§ **Provided records**:
-*-*-
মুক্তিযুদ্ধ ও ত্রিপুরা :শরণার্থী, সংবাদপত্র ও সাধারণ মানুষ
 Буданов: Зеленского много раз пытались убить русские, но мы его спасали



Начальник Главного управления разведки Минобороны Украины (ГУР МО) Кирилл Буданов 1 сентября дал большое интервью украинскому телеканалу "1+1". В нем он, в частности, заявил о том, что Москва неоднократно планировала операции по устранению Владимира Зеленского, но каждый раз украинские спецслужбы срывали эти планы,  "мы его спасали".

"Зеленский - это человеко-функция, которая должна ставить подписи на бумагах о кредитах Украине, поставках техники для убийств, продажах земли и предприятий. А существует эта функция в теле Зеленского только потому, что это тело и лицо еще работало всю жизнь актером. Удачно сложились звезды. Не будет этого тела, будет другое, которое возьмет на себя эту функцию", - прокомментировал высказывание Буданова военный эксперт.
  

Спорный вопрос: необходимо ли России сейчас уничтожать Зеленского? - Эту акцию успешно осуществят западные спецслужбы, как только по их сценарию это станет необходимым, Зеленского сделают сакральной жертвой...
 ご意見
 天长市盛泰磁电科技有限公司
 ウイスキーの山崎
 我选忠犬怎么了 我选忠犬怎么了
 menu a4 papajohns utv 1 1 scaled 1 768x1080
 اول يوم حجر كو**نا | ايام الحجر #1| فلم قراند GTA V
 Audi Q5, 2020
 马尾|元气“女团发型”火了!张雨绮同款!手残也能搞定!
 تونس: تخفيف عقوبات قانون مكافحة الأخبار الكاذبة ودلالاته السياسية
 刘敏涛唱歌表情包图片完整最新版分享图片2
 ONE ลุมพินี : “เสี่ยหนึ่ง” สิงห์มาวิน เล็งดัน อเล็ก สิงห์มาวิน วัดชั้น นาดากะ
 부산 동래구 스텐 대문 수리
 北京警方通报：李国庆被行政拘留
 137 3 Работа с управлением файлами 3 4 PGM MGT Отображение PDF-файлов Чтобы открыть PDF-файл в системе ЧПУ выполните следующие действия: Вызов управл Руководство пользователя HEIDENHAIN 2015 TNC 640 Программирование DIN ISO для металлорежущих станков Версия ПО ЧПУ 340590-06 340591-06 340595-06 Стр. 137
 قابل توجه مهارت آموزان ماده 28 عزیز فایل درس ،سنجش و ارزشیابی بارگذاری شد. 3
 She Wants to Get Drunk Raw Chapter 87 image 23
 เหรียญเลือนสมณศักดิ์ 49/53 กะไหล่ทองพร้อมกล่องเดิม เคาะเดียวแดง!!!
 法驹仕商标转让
-*-*-
§ **What is being asked**:
Please give back exactly the lines of this listing beginning at the line with "اول يوم حجر" and ending with the line with "She Wants to", both included, and nothing else.

§ **Response area**:
 اول يوم حجر كو**نا | ايام الحجر #1| فلم قراند GTA V
 Audi Q5, 2020
 马尾|元气“女团发型”火了!张雨绮同款!手残也能搞定!
 تونس: تخفيف عقوبات قانون مكافحة الأخبار الكاذبة ودلالاته السياسية
 刘敏涛唱歌表情包图片完整最新版分享图片2
 ONE ลุมพินี : “เสี่ยหนึ่ง” สิงห์มาวิน เล็งดัน อเล็ก สิงห์มาวิน วัดชั้น นาดากะ
 부산 동래구 스텐 대문 수리
 北京警方通报：李国庆被行政拘留
 137 3 Работа с управлением файлами 3 4 PGM MGT Отображение PDF-файлов Чтобы открыть PDF-файл в системе ЧПУ выполните следующие действия: Вызов управл Руководство пользователя HEIDENHAIN 2015 TNC 640 Программирование DIN ISO для металлорежущих станков Версия ПО ЧПУ 340590-06 340591-06 340595-06 Стр. 137
 قابل توجه مهارت آموزان ماده 28 عزیز فایل درس ،سنجش و ارزشیابی بارگذاری شد. 3
 She Wants to Get Drunk Raw Chapter 87 image 23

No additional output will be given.